Would the value of the house really be affected as it no longer is damp and leaking inside

Thanks again,
The repointing mix would match the original mortar as near as possible. It should be softer than the bricks so the mortar crumbles before the bricks. It is easy to replace the mortar, but difficult to replace the bricks.

Cement is too strong and too waterproof for many bricks. If you look up some books such as "Building with Lime" that will help.

The tool for packing the joints can be made from a piece of 1/4" bar about 12" long, with one end kinked slightly for about 4", and the other end reduced to 1/8" thick and kinked the other way. This will allow you to push the mortar into the joint without getting it on the edges. The mix should be fairly dry too. You can use the trowel as a mini mortar hawk so you can pick off small amounts on the tool you made.
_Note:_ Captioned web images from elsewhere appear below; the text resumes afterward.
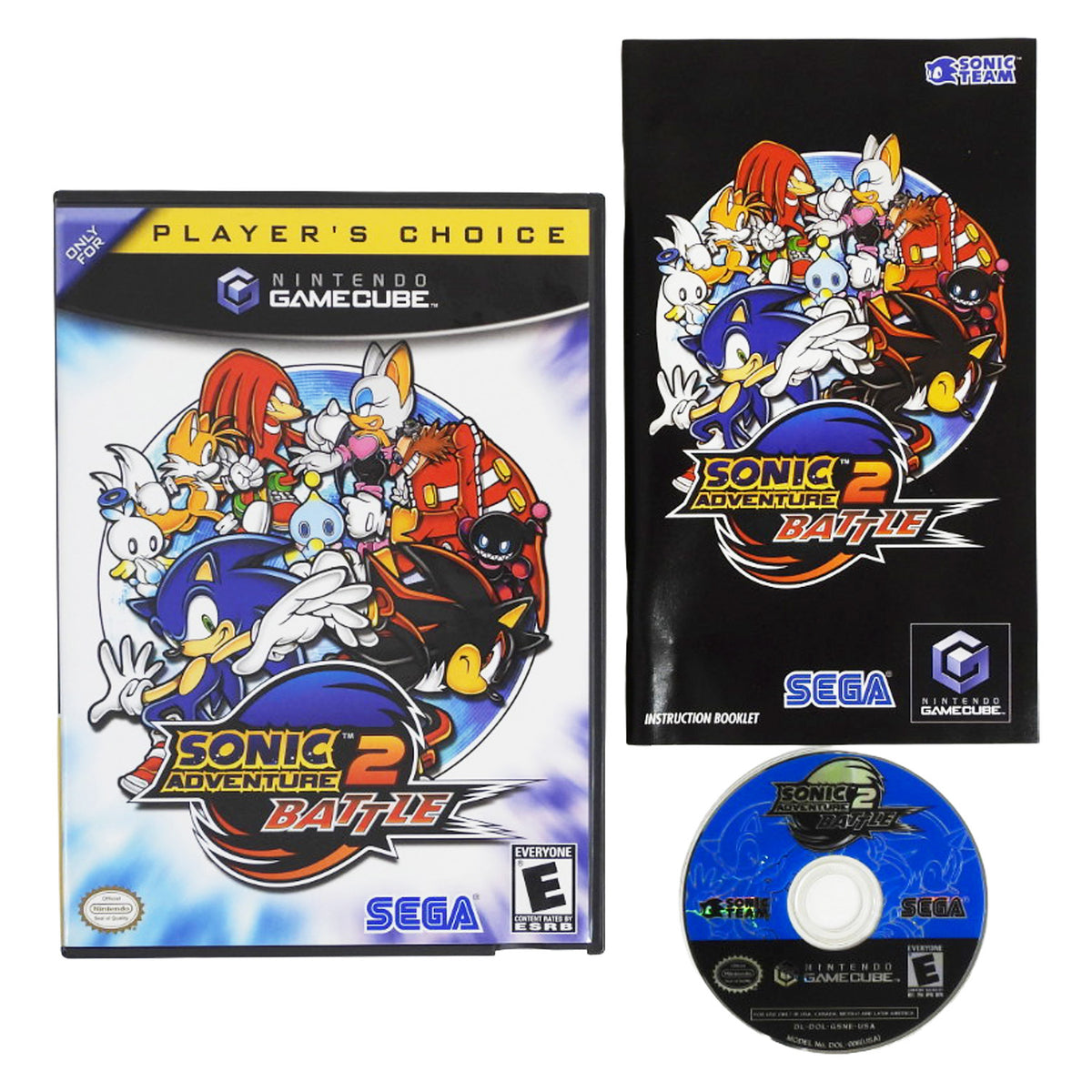 Sonic Adventure 2 Battle [Player's Choice] (Nintendo GameCube)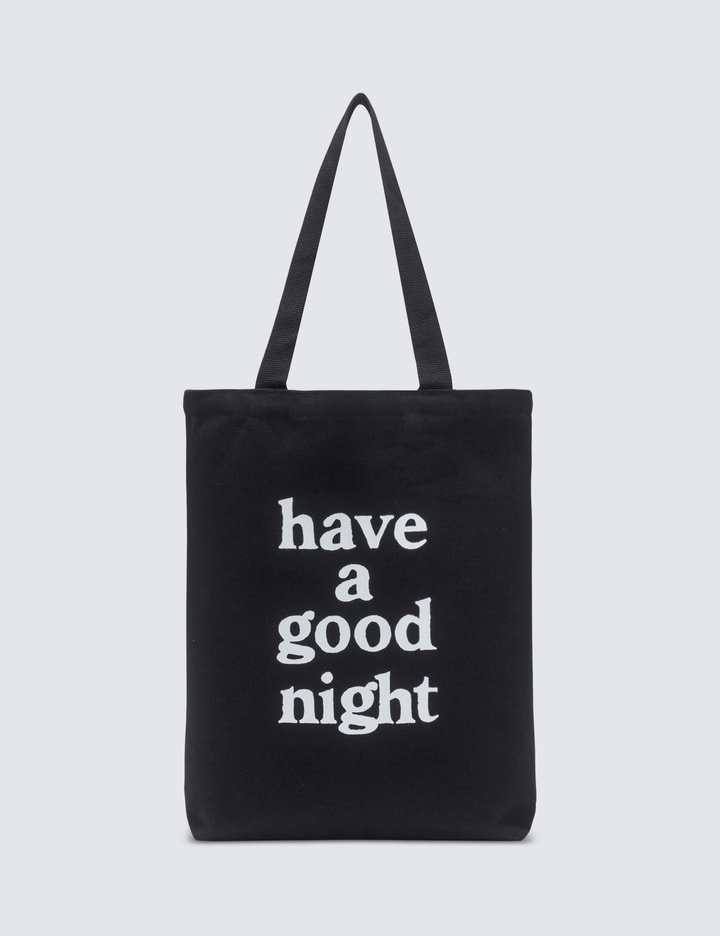 Have A Good Night Tote Bag Placeholder Image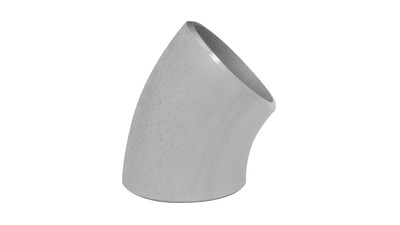Stainless Schedule 40 45 Degree Elbow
I can imagine "professional repointers" who use the screwfix extruder gun will disagree, but then I think that method is kak.

I'm impressed with the effort you must have gone to though. No small undertaking. I don't know what you could do to improve it now, but maybe others could help.
Richard C,
I dont understand why you say that this has reduced the value of the house by thousands. Can you expand on this?? I suspect not. Maybe as a 'professional' you would notice that it was not done by the trade, but anyone else?

Fair play Mark for having a crack, which is what DIY is all about. That job looks mighty intimidating for the DIYer. As you say, you have successfully completed what you started out to do, problem solved.

Loving the satellite on the scaffold btw. :LOL:
Richard C,
I dont understand why you say that this has reduced the value of the house by thousands. Can you expand on this?? I suspect not. Maybe as a 'professional' you would notice that it was not done by the trade, but anyone else?

Undertaking a job like that is a huge amount of effort for DIY & the OP can be commended for not shrinking from it but, I’m afraid there is no kind way to say it; it looks pretty awful up close! Personally, I’d rather have the property in need of re-pointing & get it done properly, unfortunately, that would involve even more work now &, hence, much higher cost.

The OP requested opinions &, along with others, I expressed my ‘genuine’ opinion which the OP accepted without any indignation. You obviously have a different opinion & you are equally entitled to express it but I don’t know understand why you’re having a pop at me! I’m not a professional in that I do this sort of thing for a living but I do a little work for others & I’m undertaking an extensive property renovation, mostly single handed. I’m all for DIY & offer help & advice to other like minded souls on this Forum but I have high standards & believe in doing a professional job. It doesn’t happen very often but if I think something is beyond my capabilities or the finished result may not look as good as I think it should, I get a man in that can. A person should always strive to improve their skills but don’t practice where the end result is going to be very visible; & you can’t get much more visible than the outside of a house!
Hi Richard C,

Not my intention to have a pop, and in reading your message understand where your coming from. It's just that I prefer positive critique, and in reading your post I thought that if i had spent all that time and effort doing quite a major DIY job and feeling pretty chuffed about it, i'd get pretty down after reading your comment.

But having said that I suppose, as you say, the OP asked for others opinions.
I made a mess of my first attempt at repointing a few years ago, looked very similar to the OP's pictures. While I'm not keen on painted brickwork, the pointing looked so bad I decided to go ahead and paint it anyway.

After it was painted, the pointing looked fine. So maybe this is a possible solution if the house was going to be put on the market?
I must agree. it doesn't look nice


Hats off to the Gentleman for his attempt. If you've been ripped off by so called Tradesmen it's tempting to do it yourself.
I was wondering whether a good going over with a wire brush may clean some of the cement off the brickwork and make the mortar bed look crisper. If the bricks are already spalling any damage would be minimal.
I see that next door hasn't got a ground floor window but you have.

What size lintel have they put over your window?